By Paul Beaver, Anite products director
The roll out of LTE is not without its challenges. As carriers and handset providers navigate the path to 4G mobile services, not only do they have to cope with multi-technology networks, but also multiple frequency bands.
Global LTE frequency allocation will differ because of diverse national regulatory positions on the issue. Current 3GPP specifications for LTE define over 30 potential bands for the technology. This is an inheritance of the different allocations issued by regulators and the ability of LTE to be deployed in a much wider range of frequencies than prior mobile standards.
Incorporating technology to cope with multiple LTE frequencies and supported bandwidths presents a major challenge to operators and manufacturers. One example of the complex problems that LTE brings is the ability to roam onto different international LTE networks, each with their own varied makeup and performance nuances. For instance, French incumbent operators are in the process of bidding for 4G spectrum in the 2.6GHz band, whereas networks in the US have deployed LTE in the 700MHz-800MHz frequencies. Networks utilising 2.6GHz or 700MHz-800MHz frequencies for LTE could mean that subscribers may have problems connecting to the network when roaming.
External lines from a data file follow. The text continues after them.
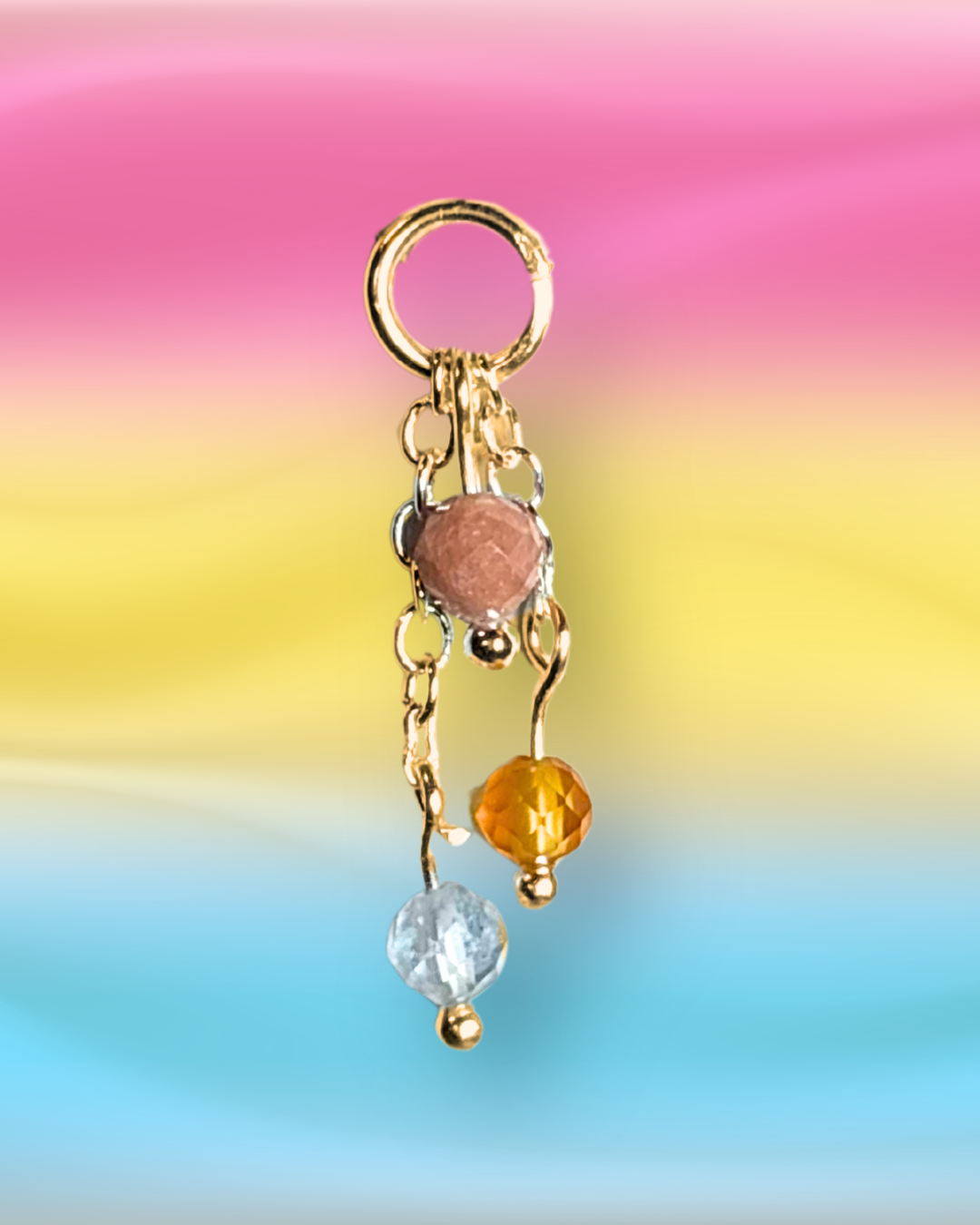 Pansexual Pride Lily of the Valley Crystal Earring Charm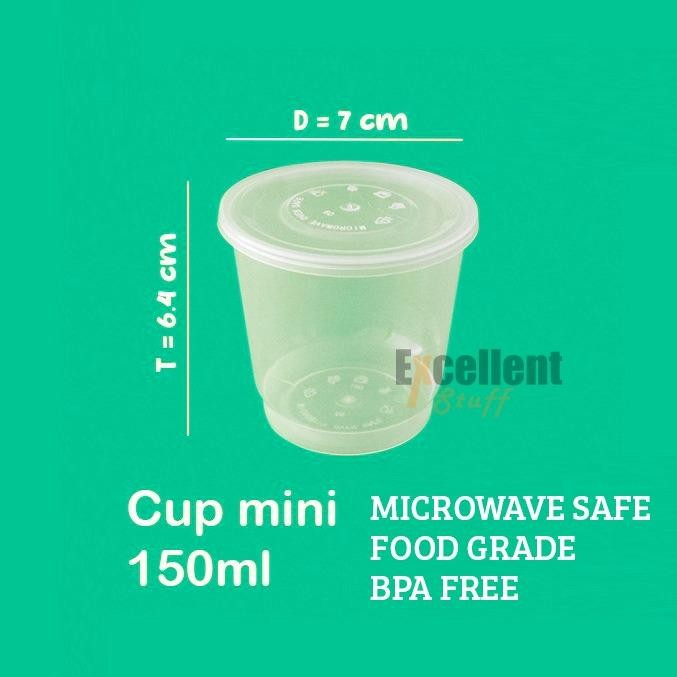 

Cup Mini 150 Ml / Cup Pudding /Cup Sambal /Cup Slime 1000 Pcs/Dus Gratis Ongkir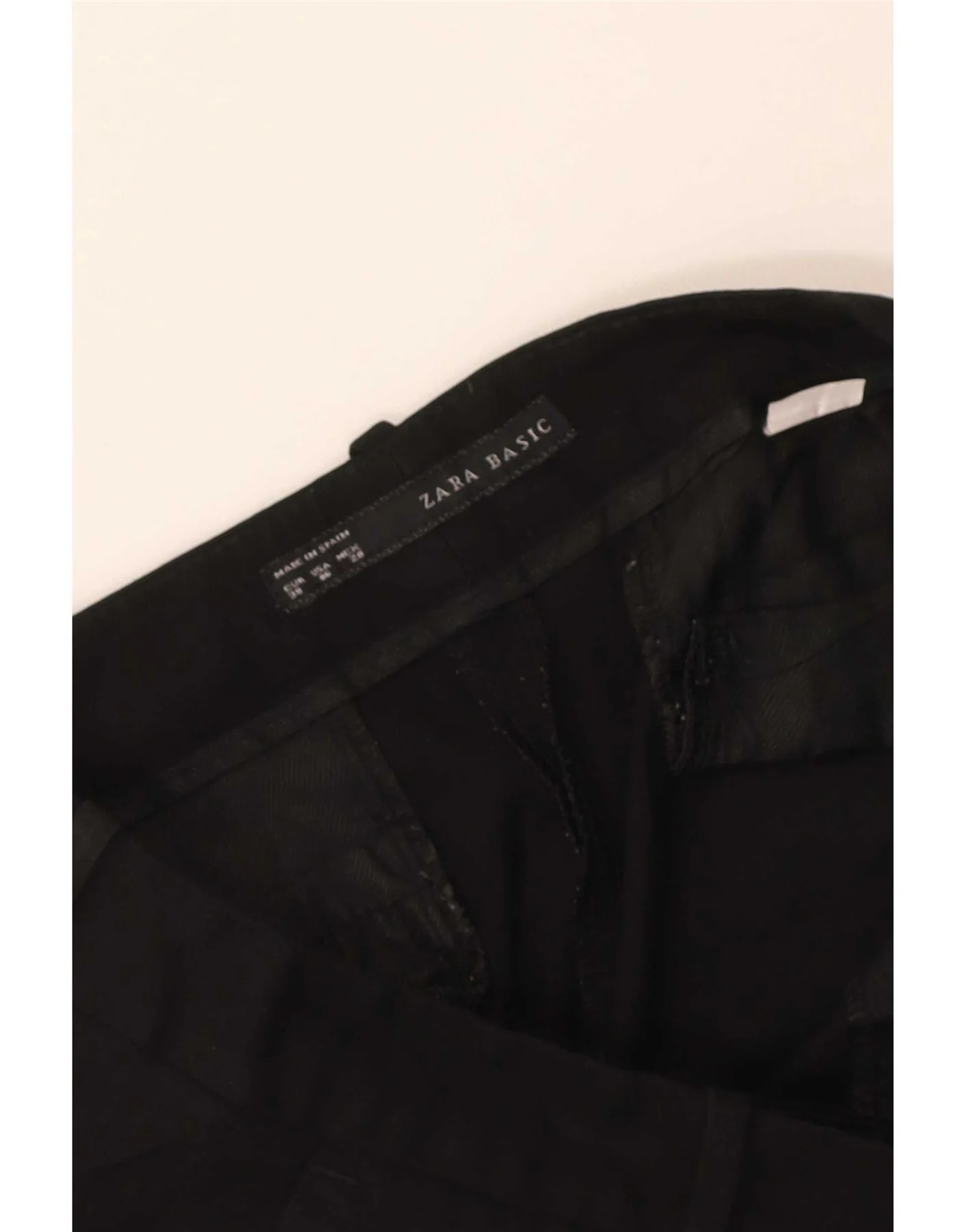 Zara Womens Tapered Cropped Trousers EU 38 Small W28 L25 Black - Image 3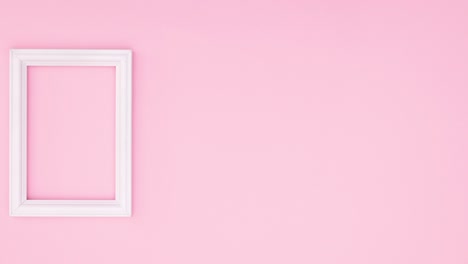 las hojas verdes aparecen en un marco romántico blanco sobre un tema rosa.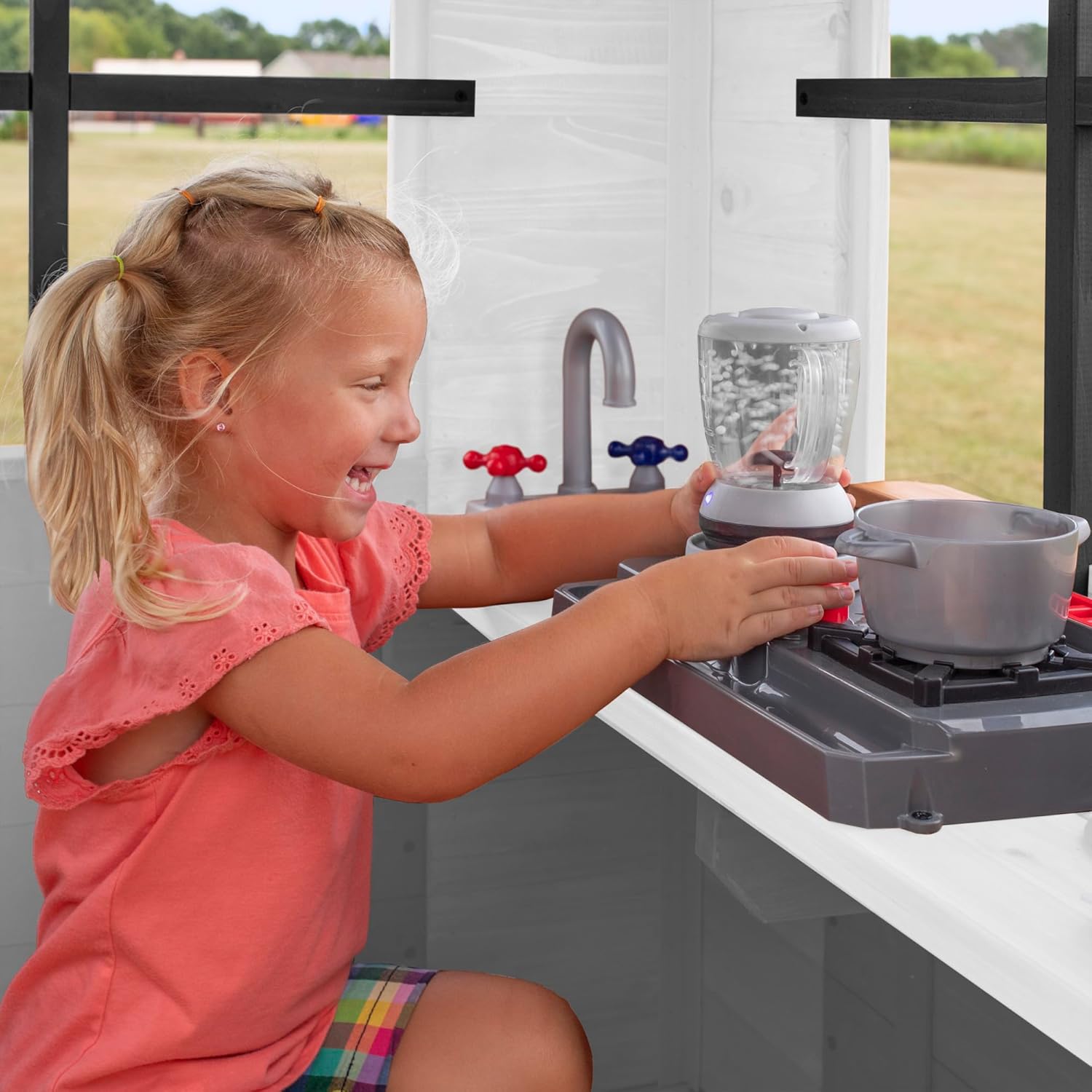 Backyard Discovery Sweetwater Heights White Elevated Cedar Wooden Kids Playhouse with Wave Slide, Play Kitchen, Step Ladder, Half Door, Wrap-Around Deck, Windows, Bell, Growth Chart for Outdoor Play B0C9JY7FV1 - Image 9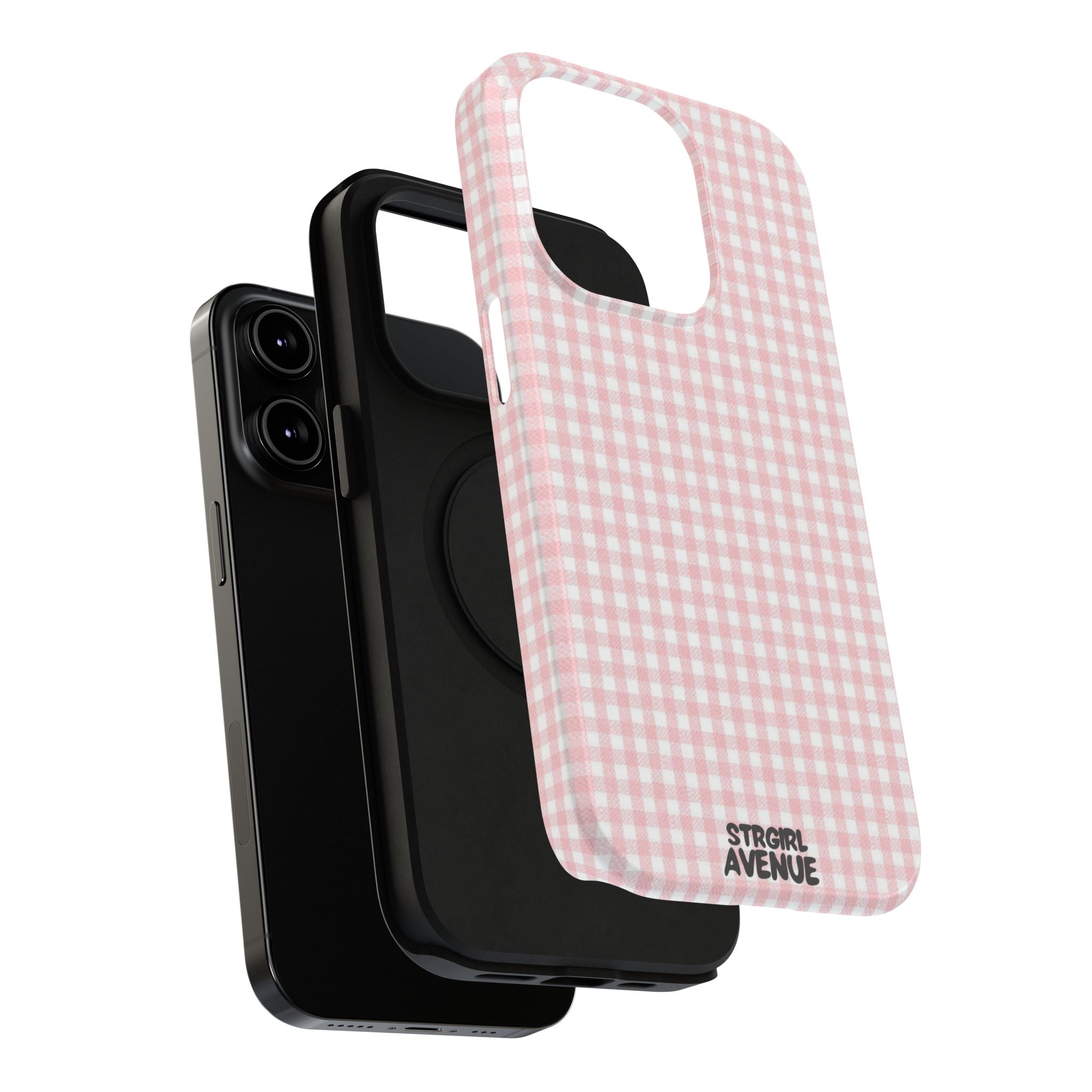 “pink gingham” protective phone case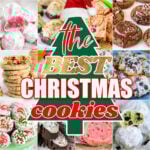 collage of 20 christmas cookies with the best Christmas cookies text overlay on top of a tree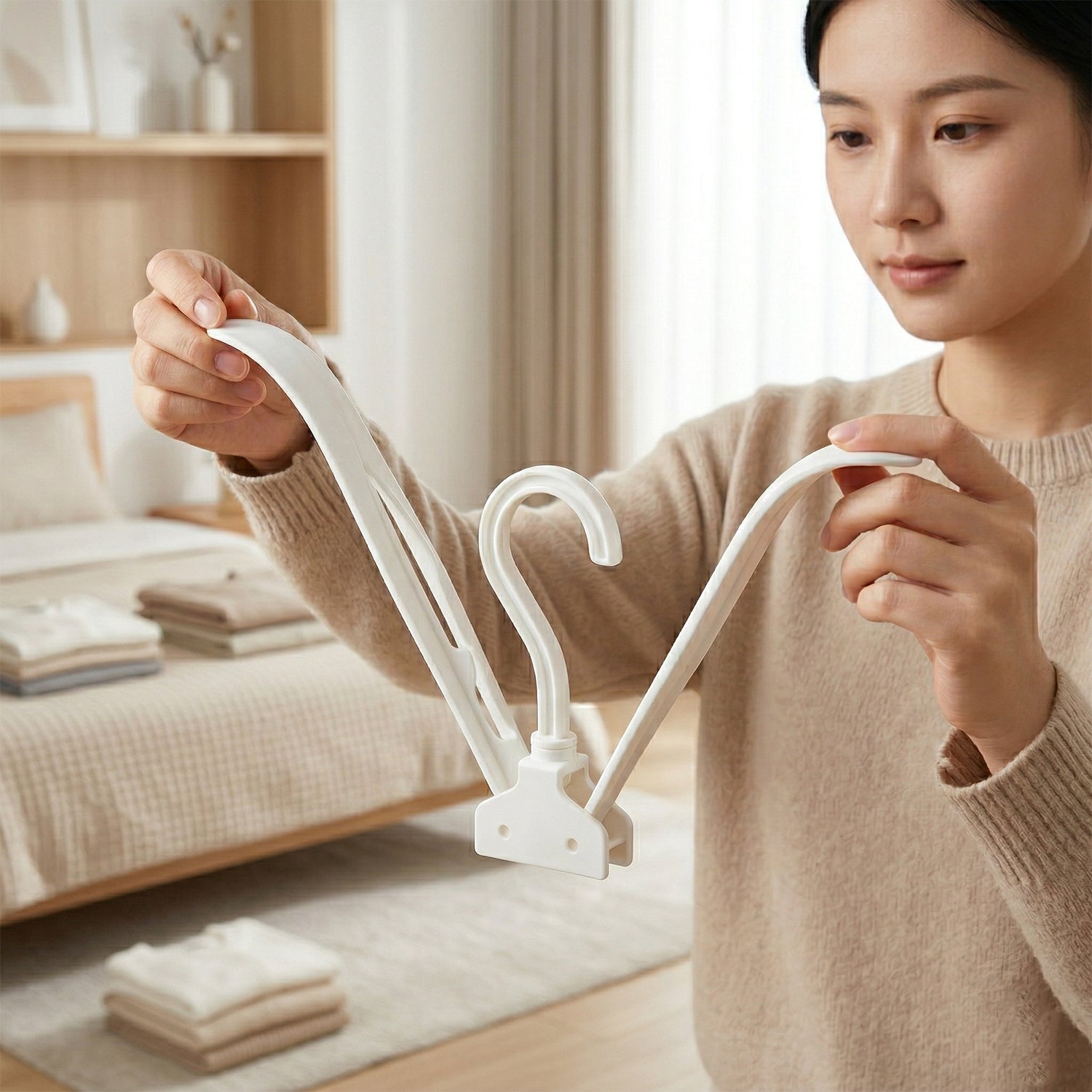 Space saving clothes hanger folded for travel or storage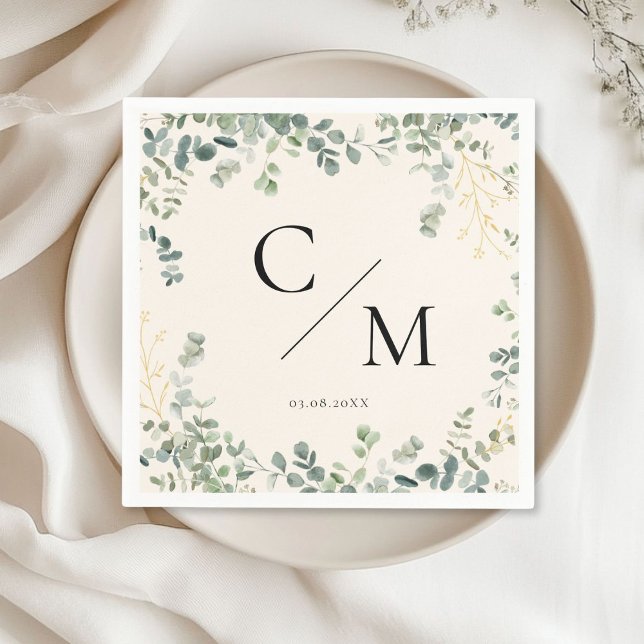 Eukalyptus Wedding Serviette (Monogram Eucalyptus Wedding Napkinswith your name and date.)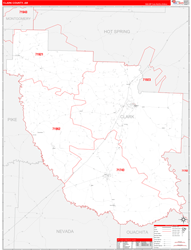 Clark County, AR Wall Map Zip Code Red Line Style 2024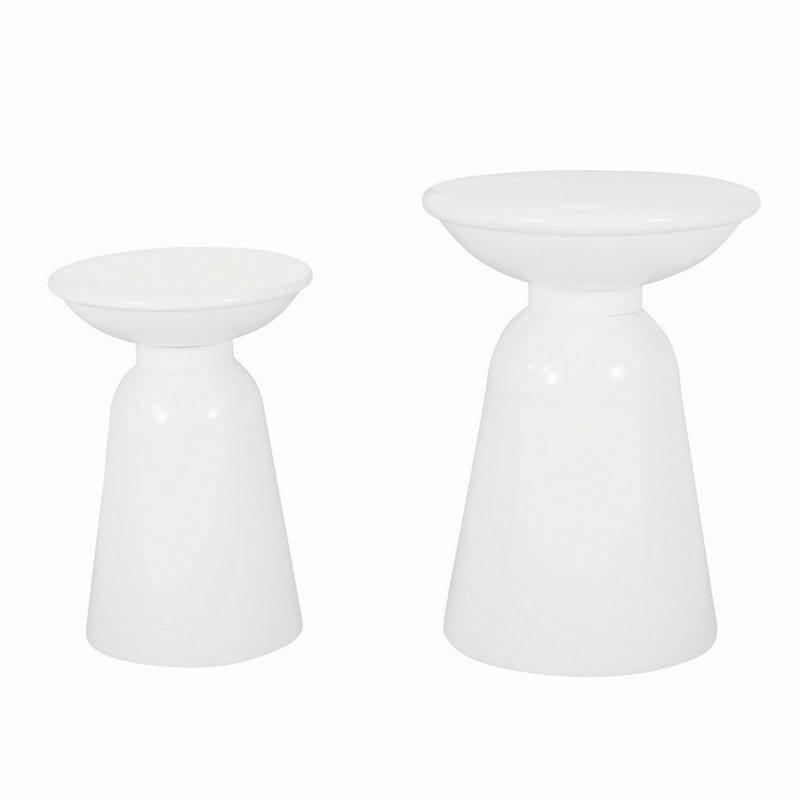 Metal S/2 End Table, White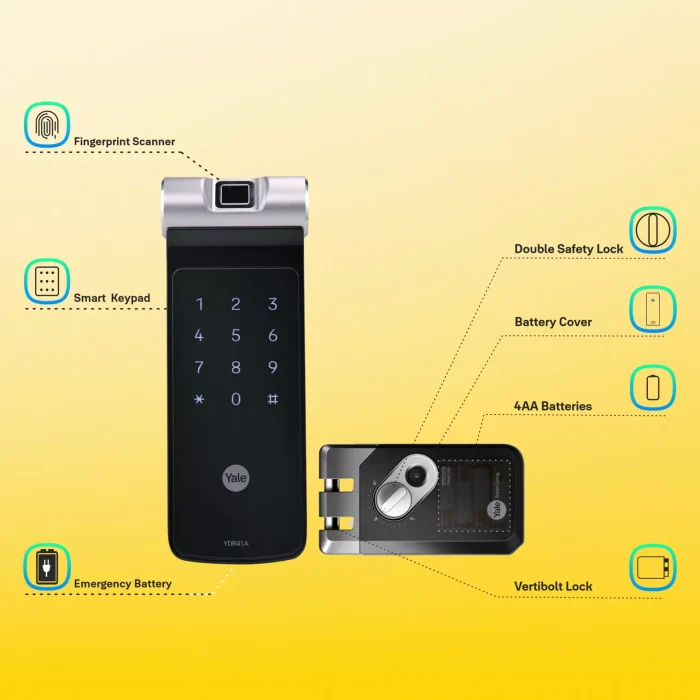 Yale Home App YDR 41A | Black | Biometric, Remote Control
Operators and manufacturers will be able to overcome the challenges of supporting multiple LTE frequency bands by developing a comprehensive quality assurance system, based on laboratory based device testing. However, field testing LTE devices alone is not a practical solution, as it requires a significant amount of time, prohibitively high cost levels and is not repeatable.
Imagine replicating a real life scenario in which a business user is downloading a file on their device, while making an essential voice call, but moving from a 3G coverage area to a 2G cell. Test engineers are not able to fully control such field tests, repeat them exactly or account for changes in RF conditions and network configurations.
Fortunately lab-based LTE device testing does not rely on any live network dependency, and can be optimised to match the profile of an LTE environment and the range of different LTE frequencies. Live LTE device tests can be reproduced in the laboratory from roaming through to data throughput and specific user scenarios, plus many more. Precise examinations can be undertaken at any time, with no actual impact on network subscribers or service, not to mention the lower costs and significant testing ease that the lab environment unlocks.